Attiva dai primi mesi del 2015, la commissione ha il compito di riconoscere o negare lo status di rifugiato, ma l’unico dato finora rilasciato è datato 10 settembre 2015: delle 634 domande esaminate ben 454 sono state rigettate. Quali sono i parametri di selezione? Quali qualifiche hanno i componenti? Sono alcune domande che le organizzazioni rivolgono alla prefettura.

Fuggire dalla dittatura non basta: un solo gambiano su 28 accettato
«Il Gambia è da 20 anni sotto dittatura feroce – racconta Stefano Ferro, tra i promotori di Padova Accoglie - e chi torna in patria, dopo esser scappato cercando asilo politico, o sparisce o subisce torture. Allora perché su 28 domande di gambiani solo una è stata accolta?». Mentre la piazza si riempie di striscioni che chiedono l’abbattimento dei muri, alcuni ragazzi affiggono dei manifesti con delle bandiere di Nazioni africane: «Sono solo alcuni paesi dai quali provengono i ragazzi che si vedono negare l’asilo politico - spiega Enrica di Libera la parola - Sono riportare le “recensioni” negative di Amnesty International e di Viaggiare Sicuri, sito del ministero degli esteri: sconsigliano a noi italiani di andare in questi posti, ma se è pericoloso per chi viaggia, pensiamo a quanto può esserlo per chi ha passato una vita intera».

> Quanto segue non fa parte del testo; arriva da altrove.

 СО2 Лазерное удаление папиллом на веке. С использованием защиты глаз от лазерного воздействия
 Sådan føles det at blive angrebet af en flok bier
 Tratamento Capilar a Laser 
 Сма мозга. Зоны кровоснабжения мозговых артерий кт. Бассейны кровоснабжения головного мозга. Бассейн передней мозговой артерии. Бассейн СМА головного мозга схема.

«Italiani, in passato, emigrati per la fame; perché noi non accogliamo chi scappa dalla miseria?»
Scopo della commissione è indagare minuziosamente sul passato del richiedente tra possibili persecuzioni, viaggi su barconi, bombe e torture. Ci sono dei paletti ben precisi: chi scappa dalla miseria e dalla fame, per esempio, non ottiene la protezione. Una distinzione che Stefano definisce “ingiustificabile”: «Noi abbiamo mandato 25 milioni di italiani in giro per il mondo per la fame, solo dal Veneto sono partiti cinque. Chi, fuggendo dalla propria terra, è stato costretto a fermarsi in Libia sotto minacce per racimolare qualche guadagno per ripartire, perché non viene considerato profugo?»

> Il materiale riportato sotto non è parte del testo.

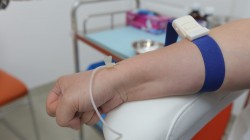 HEMOPERFUZIA: DETOXIFIEREA DE TOXINE, METALE GRELE SI VIRUSI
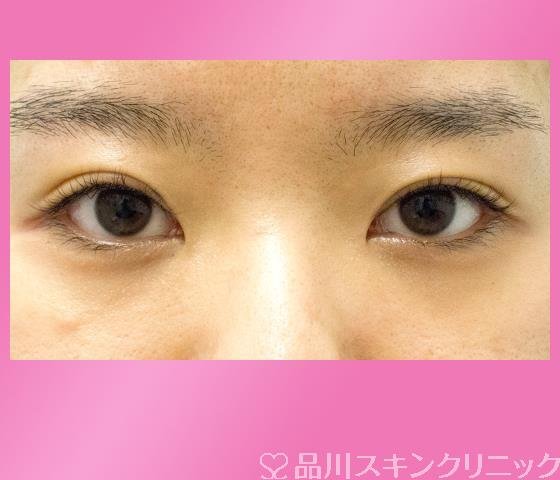 症例NO.27220のBEFORE写真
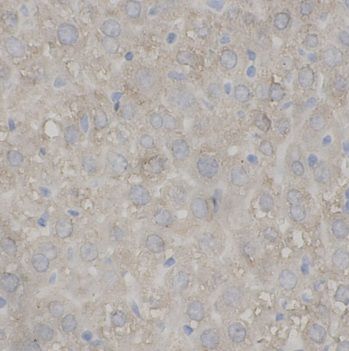 anti- ANGL8 antibody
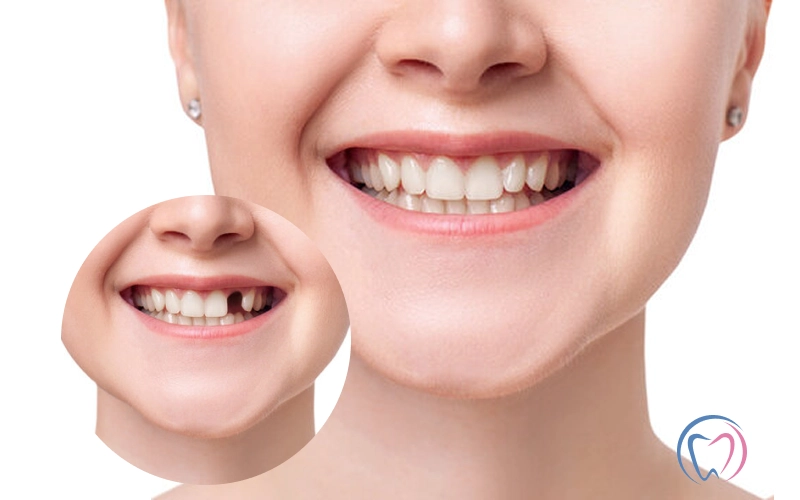 Why Your Missing Teeth Need to be Replaced ASAP!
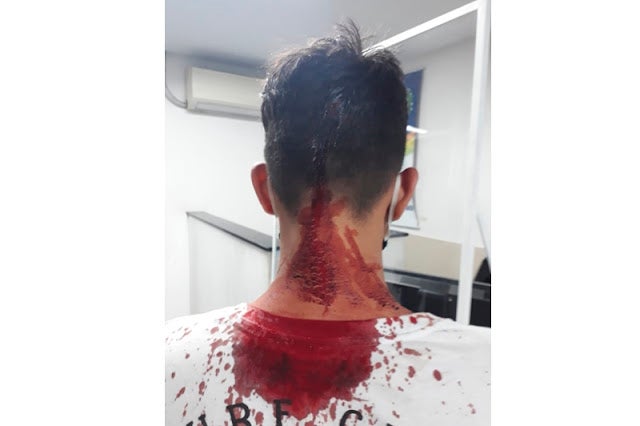 Guarda Municipal de Juazeiro detém em flagrante homem que atingiu ex-esposa e atual namorado com golpes de martelo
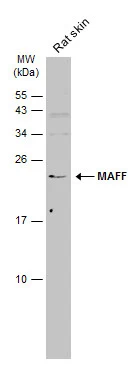 Rat tissue extract (50 μg) was separated by 15% SDS-PAGE, and the membrane was blotted with MAFF antibody (GTX120264) diluted at 1:500. The HRP-conjugated anti-rabbit IgG antibody (GTX213110-01) was used to detect the primary antibody.
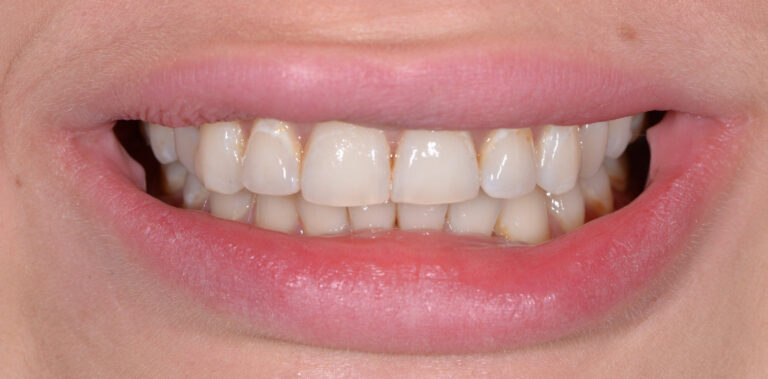 Метаморфоза 7 - przed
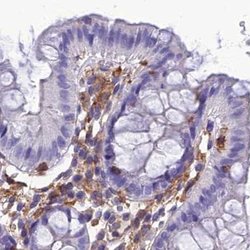 Invitrogen PPP1R18 Polyclonal Antibody 100 &mu;L; Unconjugated:Antibodies,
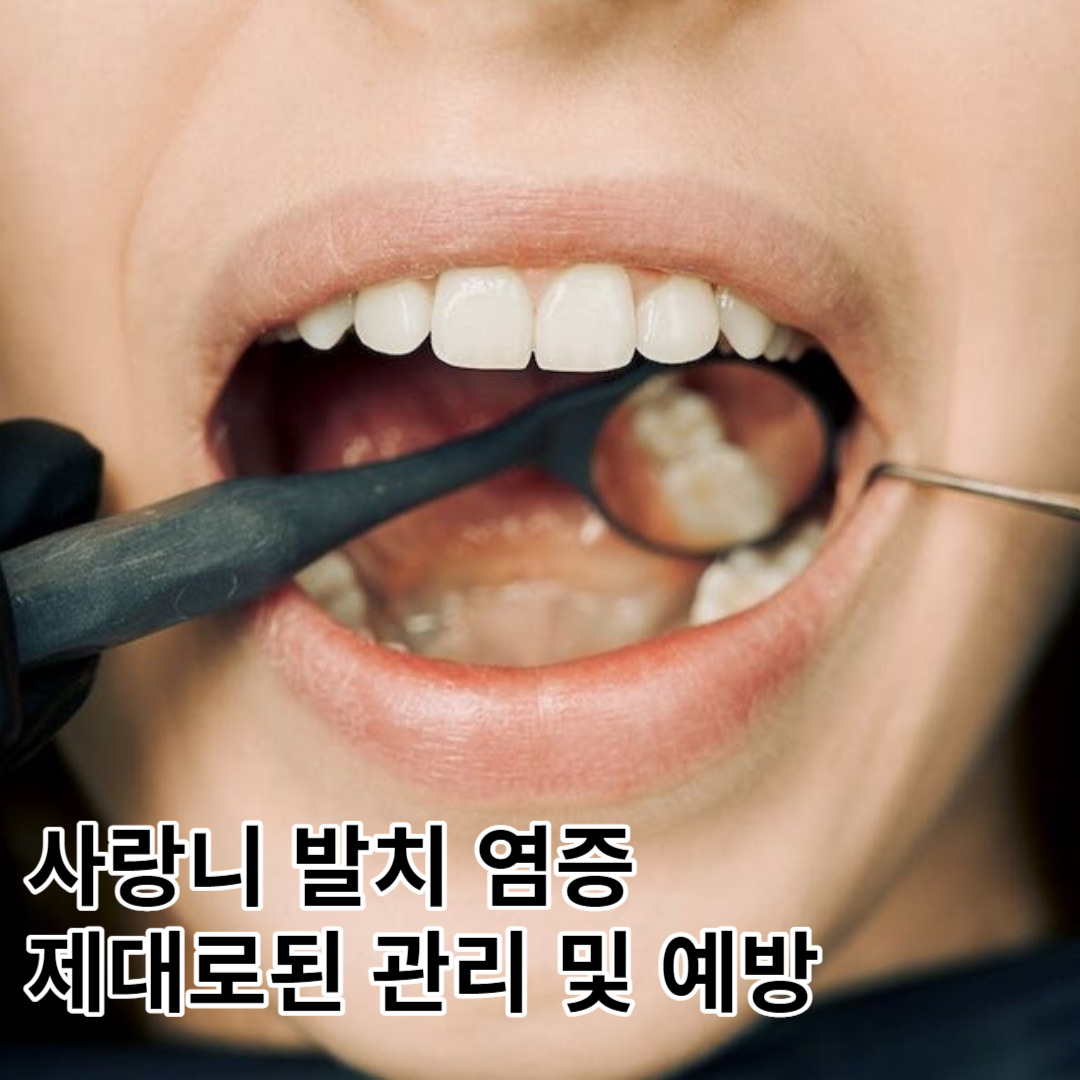사랑니 발치 염증 관리 및 예방, 심한 경우 건성 치조 일 수도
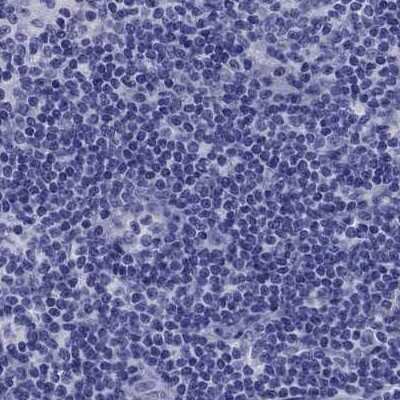 Immunohistochemistry-Paraffin: TBR1 Antibody [NBP2-62728]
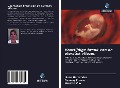 Cover-Bild zum Titel 'Voortijdige breuk van de eierstok vliezen' von 'Iliana Hernández, Osmany Franco, Lizzette Vila'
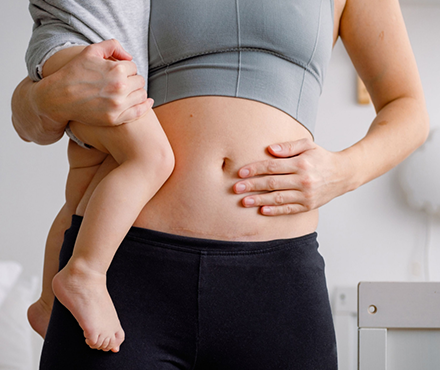 Diastasis Recti Nedir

Essere clandestini, pur avendo un lavoro in regola
E’ una situazione beffarda e spigolosa: dopo un viaggio estenuante, attraversando il deserto o il mar Mediterraneo, l'ultima prova da superare per chi fugge è un colloquio con un funzionario che decide arbitrariamente sul suo destino. In piazza, in attesa di scoprire quale sarà il proprio futuro, alcuni ragazzi osservano in silenzio, altri chiacchierano o danno una mano coi cartelloni. Non hanno voglia di raccontare la loro storia, ma è ancora Stefano a denunciare le contraddizioni di un sistema che parla sempre e solo di “emergenza”: «Un gambiano, arrivato a Padova due anni fa, ha trovato un lavoro a tempo indeterminato, ma la sua domanda non è stata accolta. Se dovesse perdere il ricorso verrebbe marchiato come clandestino e la cooperativa per la quale lavora dovrà licenziarlo. Invece di accoglierli e capire che noi abbiamo bisogno di loro, si crea un effetto contrario che li spinge a chi ha  sempre le braccia aperte: la criminalità e lo spaccio di droga».